Make no mistake: Hess got himself a good football coach in Kotite, the first Jets coach in 20 years with head-coaching experience in the NFL. Carroll got a bad deal, but the Jets got a better coach in Kotite. He still inherits a mess in the locker room, for all the wonderful talk we got from Hess and Kotite and even Steinberg about this big, happy Jets family.
“I unilaterally made the decision [to fire Carroll),” Hess said, when asked about the decision to hire Kotite, fired two weeks ago by the Eagles.
Then Leon Hess, whose voice would sometimes rise up into a shout, said, “I’m entitled to some enjoyment out of this team.”
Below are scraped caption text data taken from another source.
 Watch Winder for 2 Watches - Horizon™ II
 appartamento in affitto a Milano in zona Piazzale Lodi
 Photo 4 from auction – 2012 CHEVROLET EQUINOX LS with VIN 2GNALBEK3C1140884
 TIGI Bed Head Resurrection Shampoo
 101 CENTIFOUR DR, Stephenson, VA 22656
For years, he has acted like a sap about this team. He went seven years with Joe Walton. Then he let his friends in football talk him into Steinberg as general manager. He let Steinberg decide about Bruce Coslet. Leon Hess let Steinberg talk him into Carroll last January. Now Hess has watched another December turn to junk, and it was one too many. He wasn’t going to let Steinberg talk him into anything ever again.
Hess was told of Steinberg’s illness, he said, the week before Christmas. He wasn’t ever going to fire Steinberg after that. Hess spoke about “Dick and his condition,” and then followed that by saying, “I decided to make a change with the coach.”He really was saying this: Somebody had to go.
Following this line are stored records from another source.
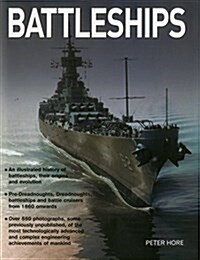 Battleships (Hardcover)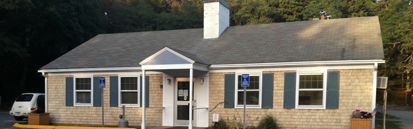 Wellfleet Health Center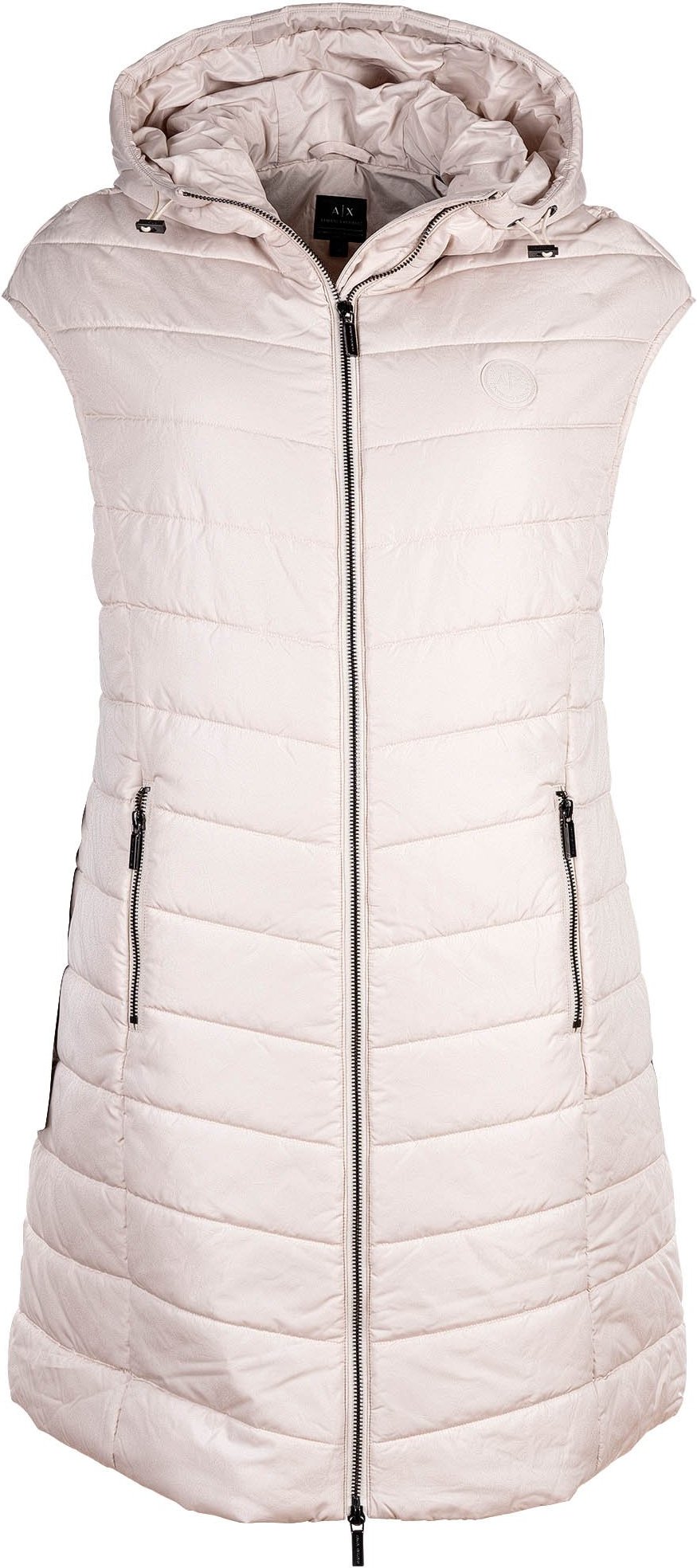 Armani Exchange Steppweste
Steinberg still has the title of general manager. It is an empty title as of Thursday. The Jets are now Kotite’s show, that is plain enough. Hess told a story about sitting in the Bahamas and watching Kotite’s firing on television. The firing seemed to surprise Hess. If he was surprised, he was the last person in all of football not to know Kotite was gone in Philadelphia, especially after his team lost its last seven games. No matter. Leon Hess looked at his television set down in the Bahamas and saw the best pro football coach to come out of Brooklyn since Vince Lombardi. And that coach was available.
“[Kotite’s) a fighter, a builder, a ‘dese-and-dose’ guy, a leader,” Hess said. “He’ll bring our New York Jets back to where we’ll all be proud of them.”
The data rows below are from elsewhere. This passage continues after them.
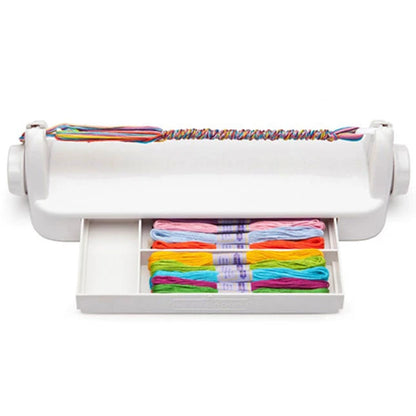 Make A Friend Bracelet Loom - Best Arts &amp; Crafts for Ages 8 to 11 - US 0314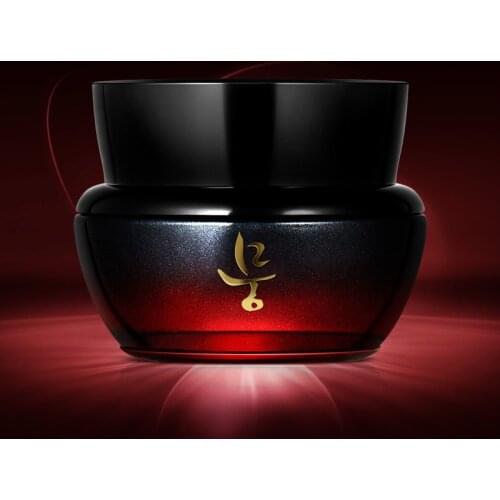 Ginseng face cream Anti-Aging anti wrinkle serum face moisturizer wrinkle cream anti aging herbal cream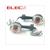 RAW-BOL DERBI SENDA-R SET ELEC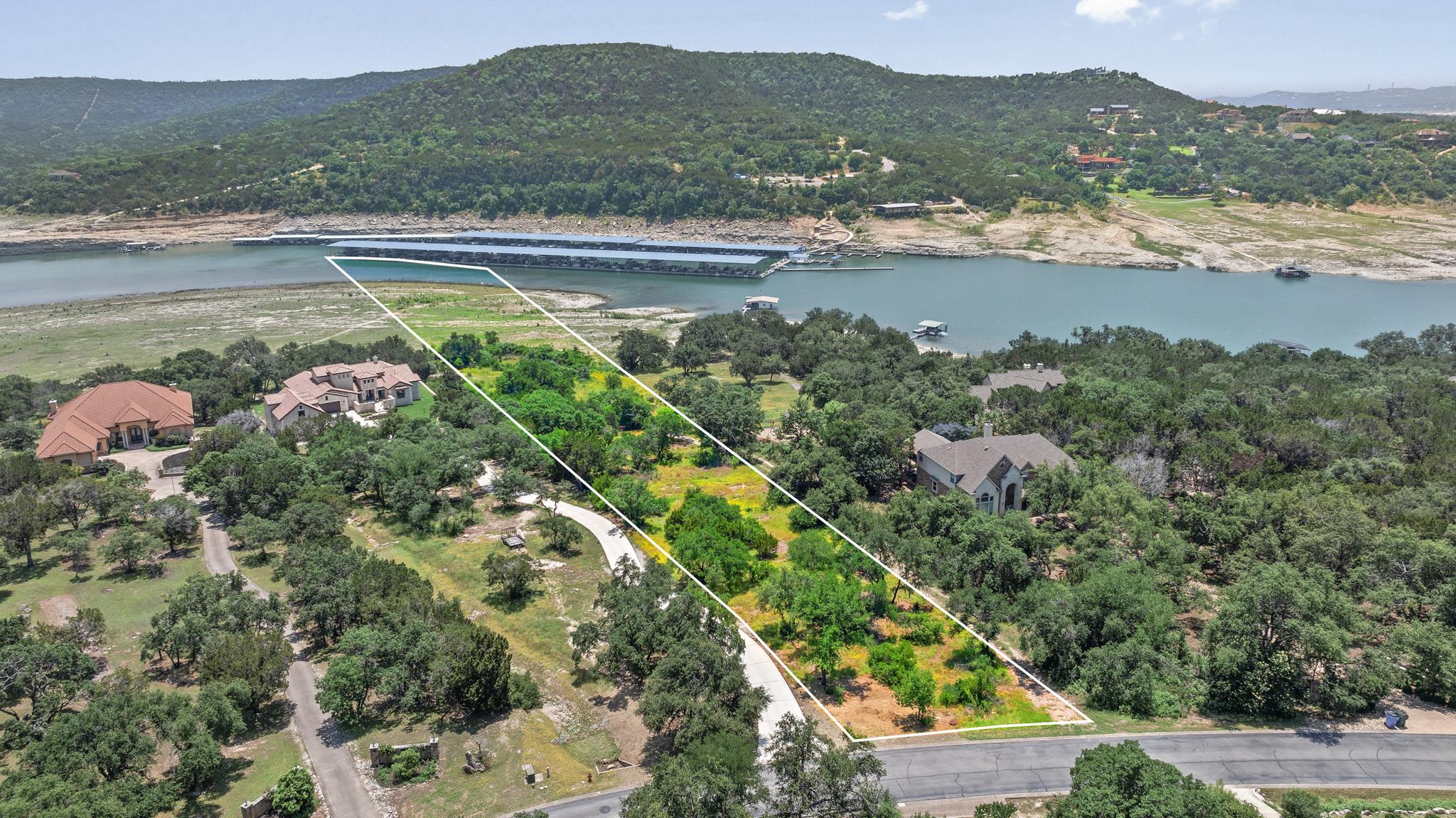 17124 Northlake Hills Drive Jonestown TX 78645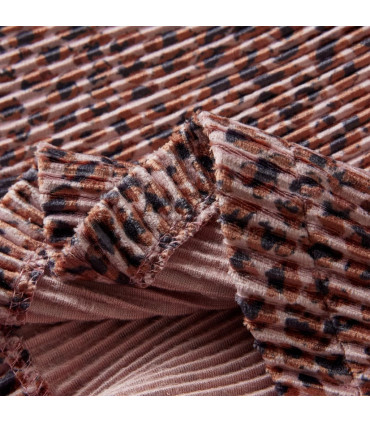 Kids' Skirt Old Pink 140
There was something touching about Hess Thursday, as he showed the kind of fight his team hardly ever shows. There was an old man’s impatience about the whole thing. Kotite is not only a good coach, he is a good man. Maybe he is the one who can put Leon Hess in the Super Bowl before he dies. Hess would have had a better chance, and a lot sooner, if he had managed to wake up years ago and smell the Jets.
Every time Hess got up and moved to the microphone in the auditorium at Weeb Ewbank Hall Thursday, it took him a while. It was a symbol for everything.